10 thoughts on “The SNAP Challenge”

  1. My wife and I eat well and spend less than $200 a month on groceries. We buy good quality fruits and vegatables and meat when it’s on sale. We cook our food instead of buying precooked meals. We don’t shop at expensive grocery stores like Whole Foods because they simply aren’t worth it. It isn’t hard.

    1. Larry J,
      we spend well over that and eat well doing as you do with cooking from the ground up. But we’re stocking up for the impending ZA too so that’s part of my costs!

      Actually we stock up because I go weeks on end and I’m too sick to drive to get to the grocery. My better half works OT every week in her job. so she doesn’t always have time to shop. In 2011, I couldn’t drive for 7 months due to various maladies.

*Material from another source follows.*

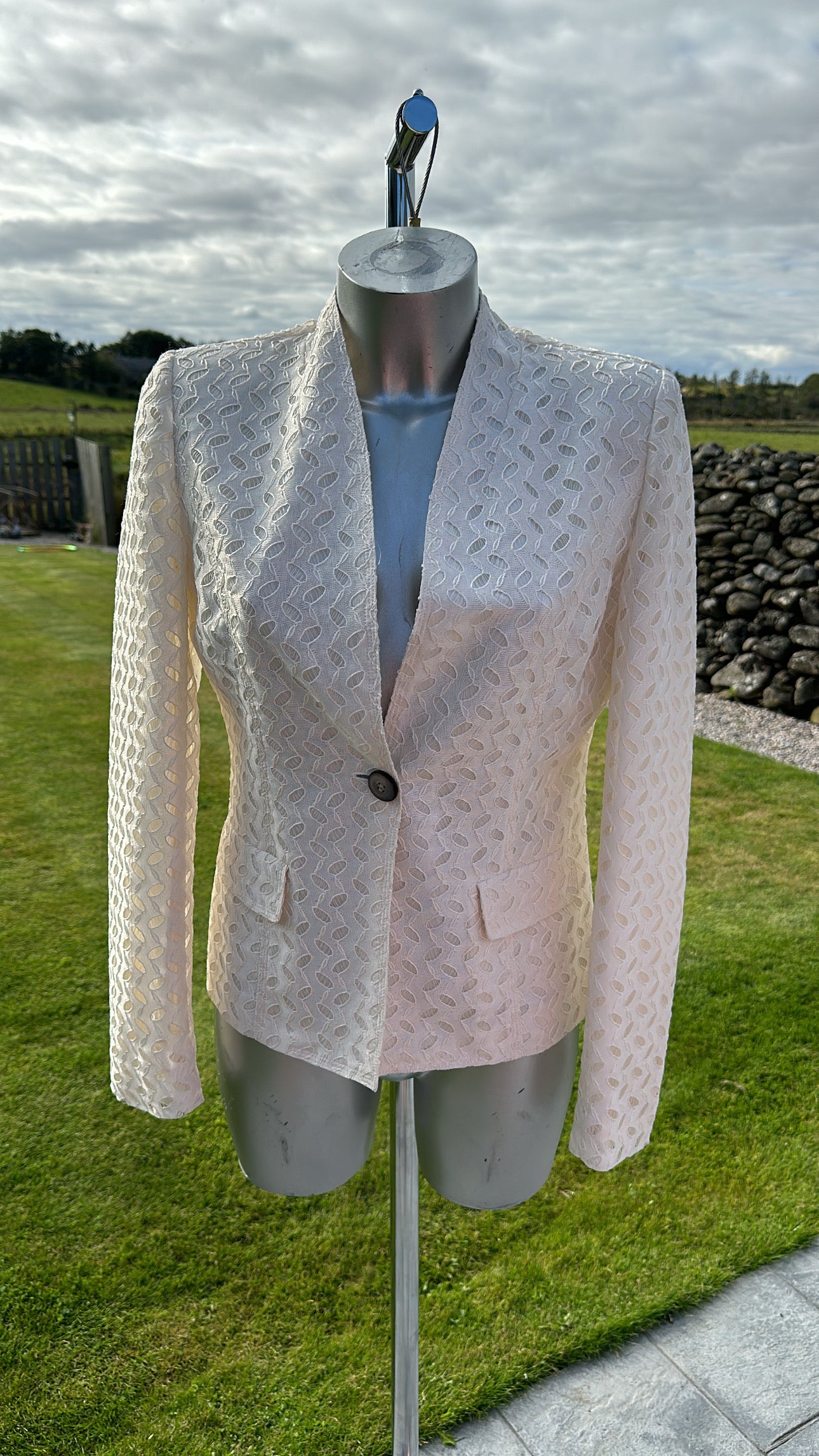 Edina Ronay London cream lace blazer Size M UK 12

      We had canned goods, dry goods and most of the meat needed to cover our needs. I managed to snag rides to various doctors, and then ran to grocery stores to fill prescriptions. While the filled my drugs, I ‘shopped’.

      If I hadn’t been stocking up for the ZA, it would have been on Mrs Der Schtumpy to get to the store after her 10 or 11 hour days. My way worked better for her, than what most folks do, shopping for a few days at a time.

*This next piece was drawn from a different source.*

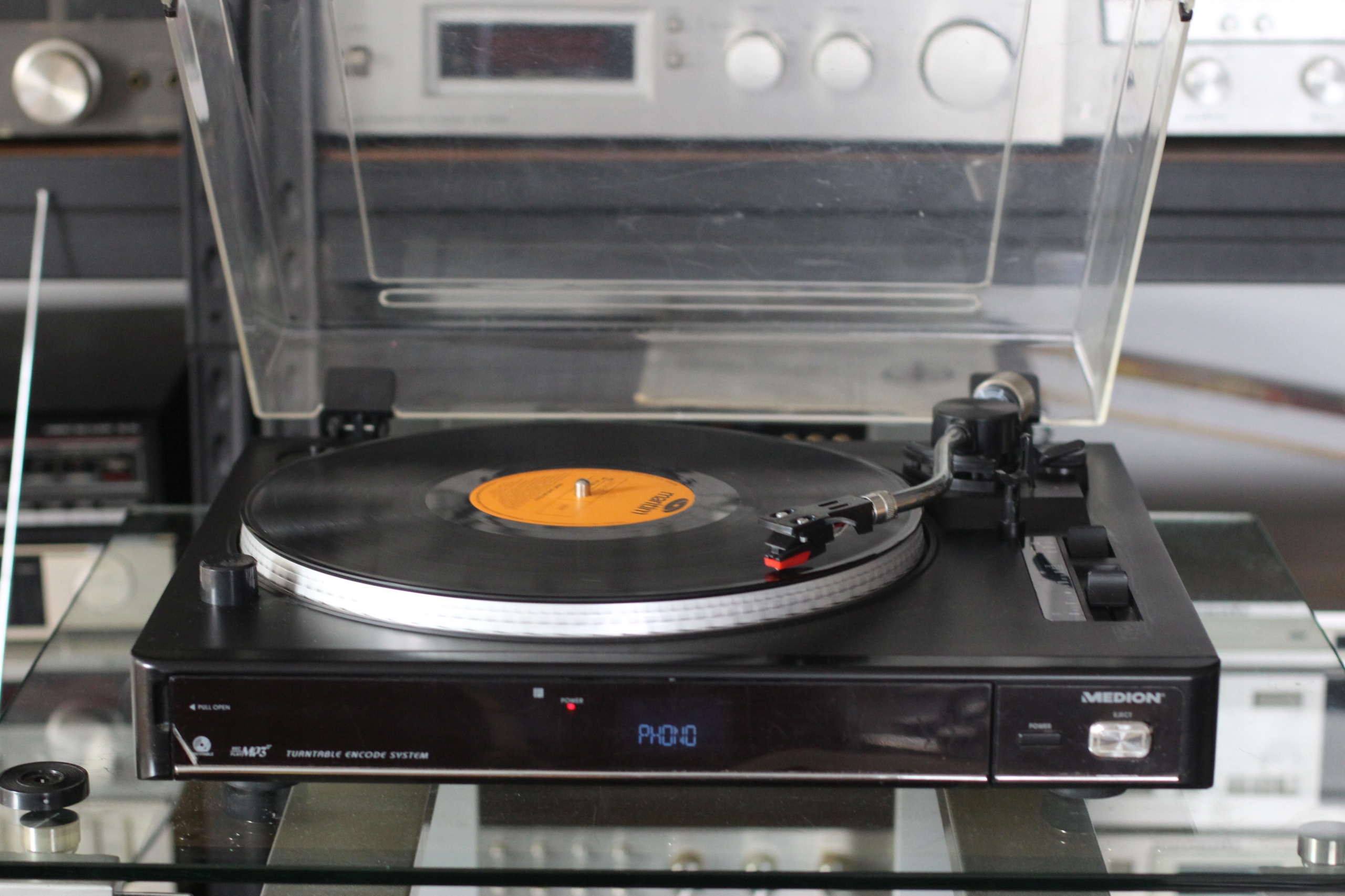 Medion MD 83821 USB,SD gramofon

  2. These clowns are being intentionally ‘grocery dumb’.

    I get that most of them were successful lawyers / business people before getting elected, and they probably pay someone to shop for them. But they’ve most likely had to struggle some getting through college or in starting their various careers.

    And how can you look at ANY grocery or fruit / veggie and NOT be able to do the math of cheaper buying? […how stupid am I to think anyone in Congress can do math?!] I trust you, those of us with sufficient money who shop, know how to cut costs. It’s a skill we learned when we DIDN’T have sufficient money.

    And it’s insulting [and racist considering who they’re pandering toward] to act like the people on SNAP are as stupid as they are acting. If the (R)’s were doing this to prove that you CAN live reasonably on SNAP, and they spent like this on stupid stuff, the NAACP, DNC , et al would be going insane.

  3. $135 a month for a single person would cover a lot of meals. Maybe not enough for all meals in a month but enough for dinners and some sandwiches. Getting more money for children or a spouse would make things a lot easier.

    1. A simple box of oatmeal (like I eat almost every day) costs a few bucks and will be enough for weeks. If you have to have your morning coffee, you can buy a 3 pound can at Costco for about $12 and it’ll last for months. Brown bag your lunch (like I’ve done for 30 years) by making yourself a sandwich and packing some fruit. Most of my lunches don’t cost more than $1.50-$2.00. They’re much cheaper than eating out and healthier. Dinner is wide open with a lot of possibilities. Tonight, I’m cooking a couple salmon fillets with brown rice and broccoli. The bag of frozen salmon fillets cost $18 at Costco but there’s enough in there for many meals.

      Since my wife and I found an Aldi near home (never heard of it until last year), we do most of our grocery shopping there. It’s an extreme no-frills store whose prices make Walmart seem like Kroger. The products are off-brands but we’ve found very little that we didn’t like.

      The trick to cutting grocery bills is to stockpile when you find a sale of something you were going to buy anyway, then shop for meals. We found a good pack of ribs on sale last Saturday ($6) and I smoked them on Sunday. That’s enough for 3 good meals for both of us. A pound of hamburger ($3) sauteed with onions and mushrooms makes multiple meals when eaten with brown rice and a lot of vegatables. My wife and I both like leftovers so very little food is wasted.

  4. One of the reasons they have children when on welfare (millionaires will discuss having kids with their spouses, but those on welfare?) is to get a bigger piece of the welfare pie.

    Food stamps will buy a lot of cigarettes ya know (even with the 50% cost of doing the transaction.)